3. Perbedaan waktu dan output standar serta produktivitas kerja operator, baik sebelum redesain maupun
sesudah redesain terdapat perbedaan atau selisih dalam perbandingan tersebut, dimana waktu standar
sebelum redesain 17,52 menit dan sesudah redesain 10,78 menit dan output standar ( Sebelum redesain 288
unit, sedangkan sesudah redesain 468 unit ), serta produktivitas kerja operator yang turut meningkat (
Produktivitas operator sebelum redesain 24 unit, sedangkan sesudah redesain 39 unit ).
6.2 Saran-saran
1. Dari hasil analisa ini, maka disarankan perusahaan dapat menetapkan target yang lebih besar dari target
yang sedang ada, jika perlu diterapkan sistem bonus atau Insentif untuk pencapaian hasil diatas target atau
standar yang telah ditetapkan. Dengan begini tentunya operator akan lebih bersemangat untuk segera
menyelesaian pekerjaannya.
2. Faktor lingkungan kerja seperti suhu (temperatur), kelembaban, kebisingan (noise) sebaiknya turut
diperhatikan , sehingga mendukung tercapainya tujuan yaitu peningkatan produktivitas kerja operator.
DAFTAR PUSTAKA
1. Barnes, R.M (1980), Motion and Time Study, toronto : John Wiley & Sons.

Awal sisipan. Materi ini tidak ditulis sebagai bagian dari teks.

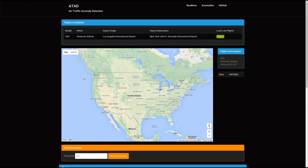We are also interested to know if a plane changes its typical flight path in order to detect a possible security breach.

2. Bridger, R.S (1995), Introduction to Ergonomics, McGRAW-HILL
3. Dirgahayu lantara (1994), Rancangan parang yang ergonomis untuk meningkatkan kinerja petani
pemotong tebu, thesis Teknik industri, ITB.
4. Eko Nurmianto (1996), Ergonomi, konsep dasar & aplikasinya, penerbit Guna Widya, jakarta.

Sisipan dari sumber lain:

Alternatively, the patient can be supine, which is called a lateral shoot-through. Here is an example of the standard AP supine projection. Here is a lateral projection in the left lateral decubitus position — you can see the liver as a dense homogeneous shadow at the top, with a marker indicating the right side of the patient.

5. Ernest J. McCORMICK, Human Factors In Engineering And Design, Tata McGraw-Hill Publishing
Company Limited, New Delhi.
6. Eric Min-yangwang dkk (1999); Development of antropometric work environment for Taiwanese
workers. Journal.23, IE, 3 - 8.
7. Linda theresia (1997), perancangan kursi yang ergonomis bagi anak-anak sekolah di Indonesia, thesis
Teknik industri, ITB
8. J. Steven Moore; Arun Garg (1998); The affectiveness of participatory ergonomics in the red meat
packing industri evaluation of a corporation,Journal 21 IE,47- 58.
9. Perdani, denik putri (2001), Pendekatan ergonomi dalam perancangan ulang stasiun kerja operasi
sablon manual sebagai upaya untuk meningkatkan produktivitas kerja (studi kasus di UD jalur rejeki,
industri kecil-menengah sandal sport ditropodo waru sidoarjo), skripsi Teknik industri, ITS.
10. Rusli yusuf, (2001), penerapan Quality function Deployment dalam perancangan koper besar yang
ergonomis untuk jemaah calon haji Indonesia, thesis Teknik industri, ITS.
11. Sritomo Wignjosoebroto (1995), Ergonomi, Studi Gerak & waktu. Penerbit Guna widya, jakarta.
12. Sutaji,(2000), Analisa dan redesign stasiun-stasiun kerja operasi tenun secara ergonomis untuk
meningkatkan produktifitas (studi kasus industri kecil-menengah pada CV. Gamiri cerme Gresik), skripsi
teknik industri, ITS.
13. Sudjana (1989), Metoda Statistika, penerbit Tarsito, Bandung.
14. Sutalaksana dkk (1979), Teknik tata cara kerja. Jurusan TI ITB.